Tragedia na Lubelszczyźnie. Nie żyje 25-letni mężczyzna, którego policjanci razili paralizatorem. Funkcjonariusze zostali wezwani na miejsce przez ratowników medycznych, którzy nie mogli sobie poradzić z agresywnym – i najprawdopodobniej znajdującym się pod wpływem środków odurzających – człowiekiem.
Do zdarzenia doszło w nocy z soboty na niedzielę na jednym z osiedli w Hrubieszowie (woj. lubelskie). Funkcjonariusze policji zostali wezwani na miejsce przez ratowników medycznych, którzy nie mogli poradzić sobie z agresywnym i samo-okaleczającym się mężczyzną.

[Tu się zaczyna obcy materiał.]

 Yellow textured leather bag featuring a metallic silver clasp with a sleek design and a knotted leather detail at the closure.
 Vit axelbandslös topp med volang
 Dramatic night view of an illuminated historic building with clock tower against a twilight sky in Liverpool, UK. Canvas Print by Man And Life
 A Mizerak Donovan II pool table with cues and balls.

„Zachowanie 25-latka wskazywało na to, że może on znajdować się pod wpływem środków odurzających lub innych, podobnie działających. Istniało realne zagrożenie dla życia i zdrowia 25-latka, który zadawał sobie kolejne obrażenia, a także dla ratowników i samych policjantów, których próbował zranić” – czytamy na stronie internetowej hrubieszowskiej policji.
W pewnym momencie mężczyzna wydostał się na klatkę schodową, gdzie znajdowało się okno (III piętro). Funkcjonariusze twierdzą, że istniało realne prawdopodobieństwo, iż będzie chciał z niego wyskoczył. Już wcześniej, przed przybiciem ratowników medycznych, mężczyzna chciał bowiem wyskoczyć z okna swojego mieszkania.

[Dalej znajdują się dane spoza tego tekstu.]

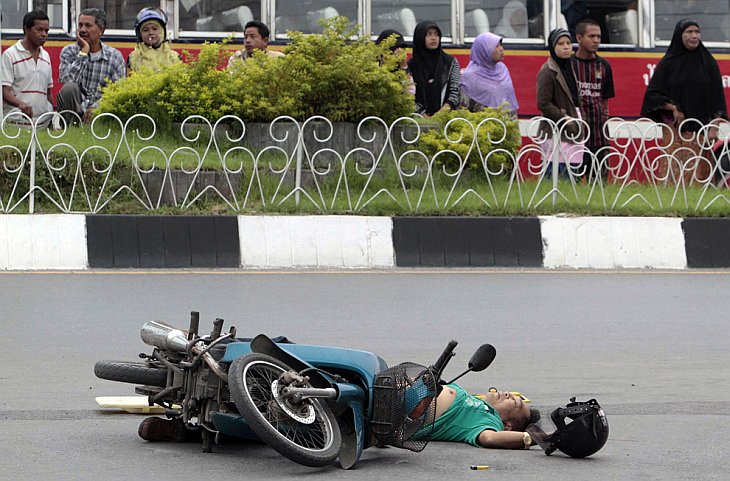 Люди смотрят на тело тайской человека, застреленного повстанцами
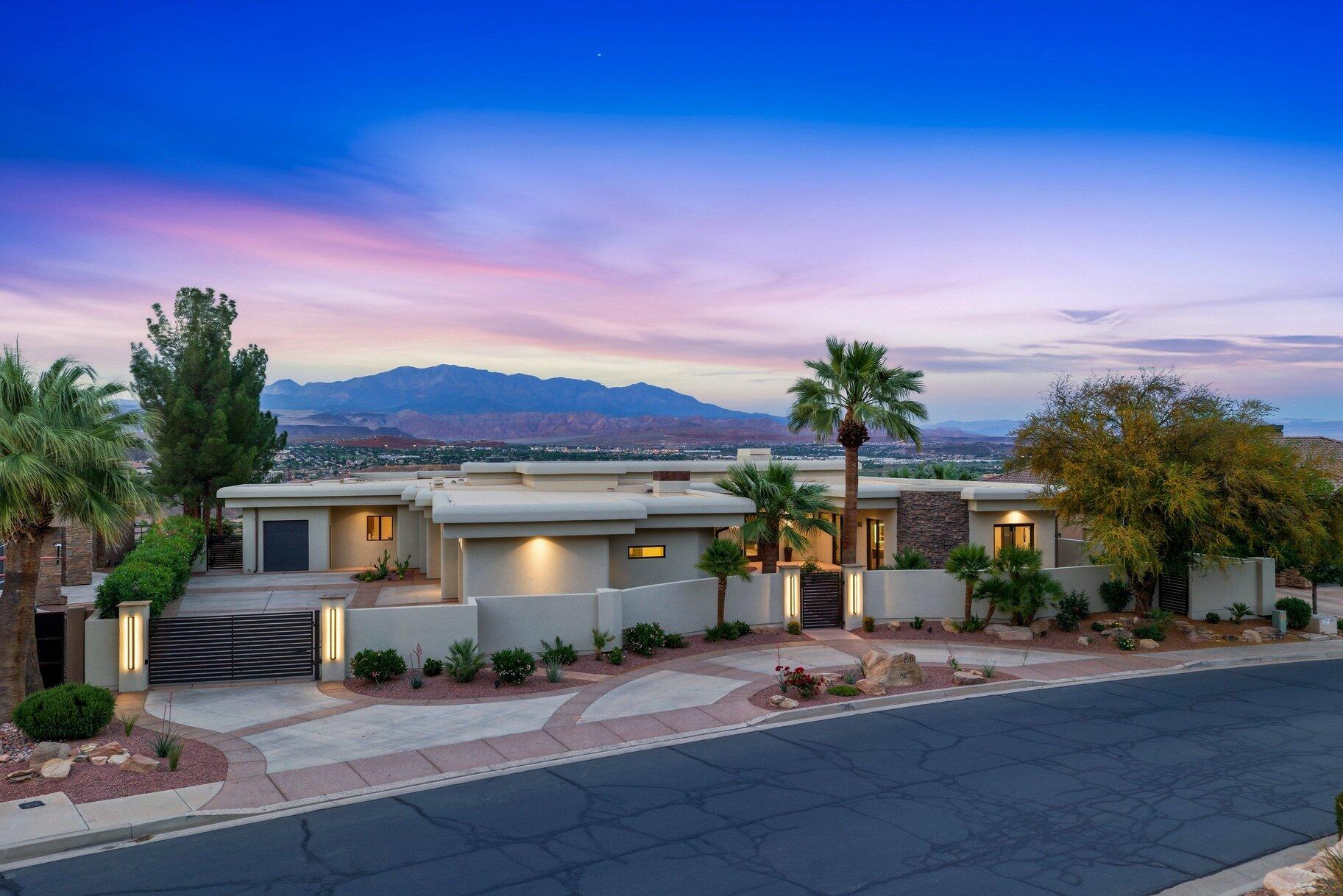 A rare opportunity to own a stunning, recently remodeled beautiful former Parade Home with unobstructed views of the Greater Saint George and Pine Valley Mountain. This absolute masterpiece of a home is perfectly designed and laid out to create a welcoming environment for you, your family, and your guests. This expansive, recently remodeled home captures the true essence of all of its original architectural design. The home's main features are 4,939 SqFt, 4 bedrooms (including the office), 3.5 bathrooms, 3.5 car garage (1,200+ SqFt), and 0.86 acres. Walk into the wide-open space of the living room, dining room, and kitchen to wind down for the day. With recent renovation work, it is truly remarkable to have been able to bring this beautiful home backs to its glory. The interior upgrades include upgraded kitchen appliances including refrigerator, dishwasher, pebble ice machine, refrigerated drawers, range hood, washer and dryer; hardwood flooring throughout, 120' Heliovision Virtual electric fireplace; complete bathroom remodels including countertops, lighting, hardware, vanity mirrors, and water softener. Exterior upgrades include a new roof, courtyard gas fireplace; air conditioning units and thermostats; outdoor kitchen with BBQ grill, new range, hood and fridge; infinity edge pool replaster with new tile, pumps, heater, and Pentair pool equipment; stucco wall painted with elastomeric paint, new landscaping, irrigation system, and 220v plug in the garage.

As one of the most desired and prestigious 24 hour guard-gated subdivisions in Saint George, Stone Cliff offers the perfect blend of privacy, community, and adventure. Centrally located and surrounded by some of our most sought-after restaurants, businesses, hospital, and wide range of amenities, there is no better feeling than being a few minutes away from your next stop. The main gathering clubhouse complex for the community boosts over 6,000 SqFt of social halls, catering kitchen, fitness center, indoor/outdoor pools/spa/splash pad, pool cabanas, outdoor seating, tennis court, pickleball courts, half basketball court, 24/7 gate with onsite security, walking/jogging trails, water fountains, and waterfall features throughout.

Situated in the city of St George in Southern Utah, the area is full of life and energy from its beautiful desert landscape, sheer mountain peaks, and area full of adventures. The home is a short drive to the majestic cliff walls of Zion National Park, the hoodoos of Bryce Canyon National Park, and the North Rim of The Grand Canyon. There is no place like it. Enjoy nearby hiking, biking, and outdoor adventures or any of the 4 amazing large reservoirs such as Sand Hollow, Quail Creek, and Gunlock, and thousands of recreational public acres for the adventurous at heart, such as the Dixie National Forrest and the breathtaking Snow Canyon State Park. The region is also known for its internationally renowned golf courses that recently hosted the PGA and LPGA tournaments and Pickleball Championships. Saint George is also the host for many events such as the Ironman, Red Bull Rampage, the Huntsman Senior Games Golf Championships, and the Saint George Marathon.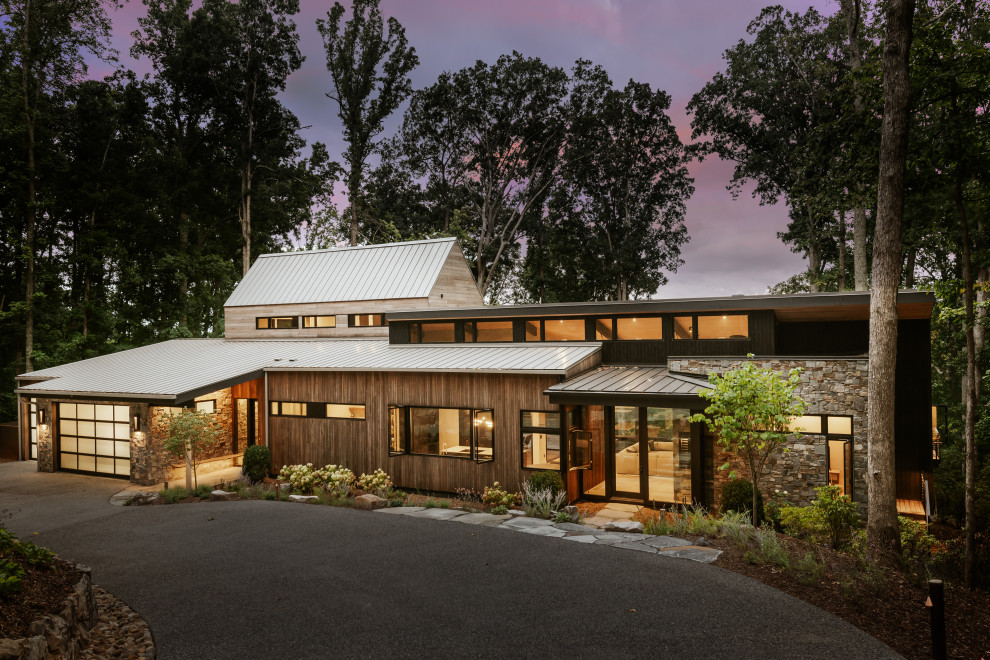 Inspiration för ett minimalistiskt hus, med tak i metall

„Policjanci musieli bardzo szybko reagować. Młody człowiek przy użyciu środków przymusu bezpośredniego został obezwładniony i przewieziony karetką pogotowia do szpitala. Tam w nocy zmarł. Przyczyny śmierci wykaże sekcja zwłok” – czytamy.

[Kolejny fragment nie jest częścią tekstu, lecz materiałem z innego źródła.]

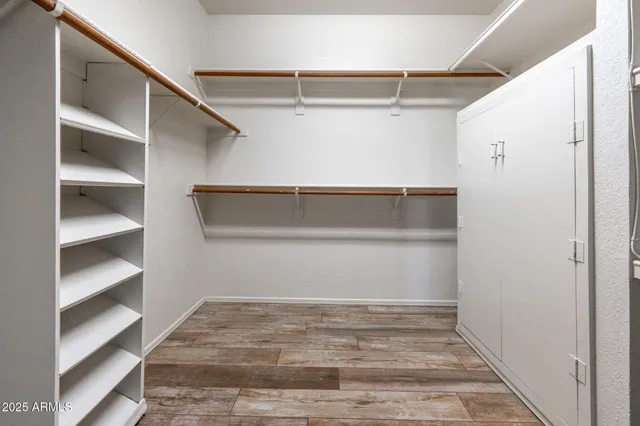 a view of an empty walk in closet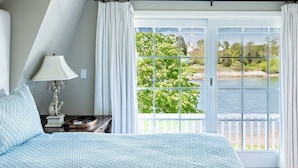 Une chambre avec un grand lit, une table de chevet, une lampe et une vue sur un lac, visible à travers une porte-fenêtre coulissante.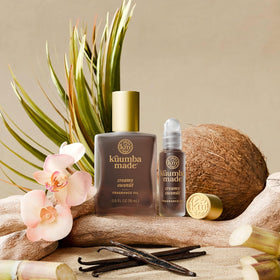 Kuumba Made bottle on vanity with sunlight suggesting warm tropical fragrance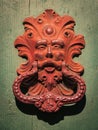 Antique red door knocker of an old door in Italy. Royalty Free Stock Photo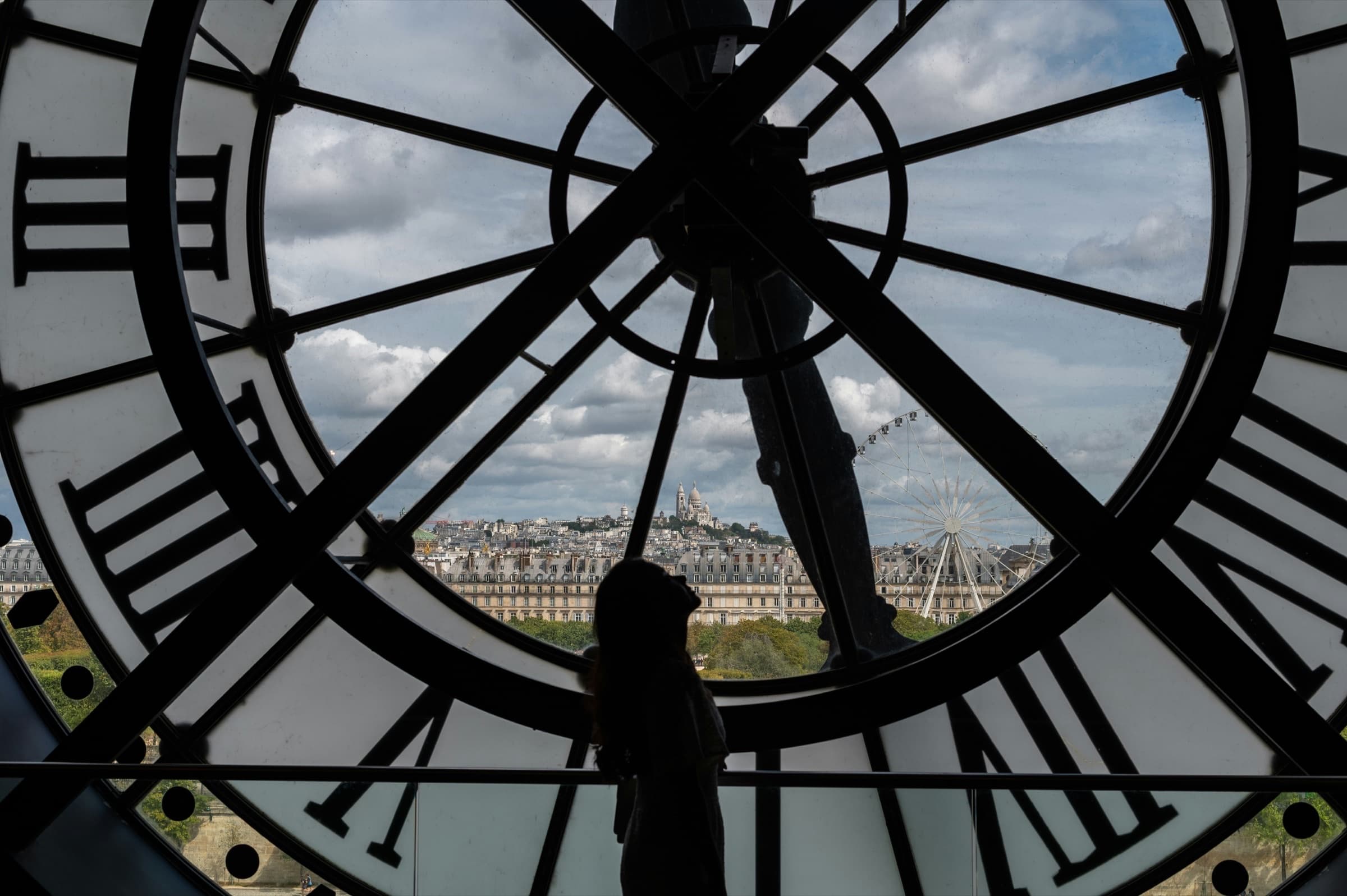 Silhouette of a woman looking through the Musée d'Orsay clock at Sacré-Coeur and the Paris skyline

Postępowanie prowadzi Prokuratura Okręgowa w Zamościu. Zgodnie z obowiązującymi procedurami, w związku z użyciem wobec 25-latka środków przymusu bezpośredniego, wszczęte zostały czynności kontrolne zlecone przez KWP w Lublinie.
Policjanci ustalają także, czy mężczyzna w ostatnim czasie nie kupował narkotyków czy też dopalaczy.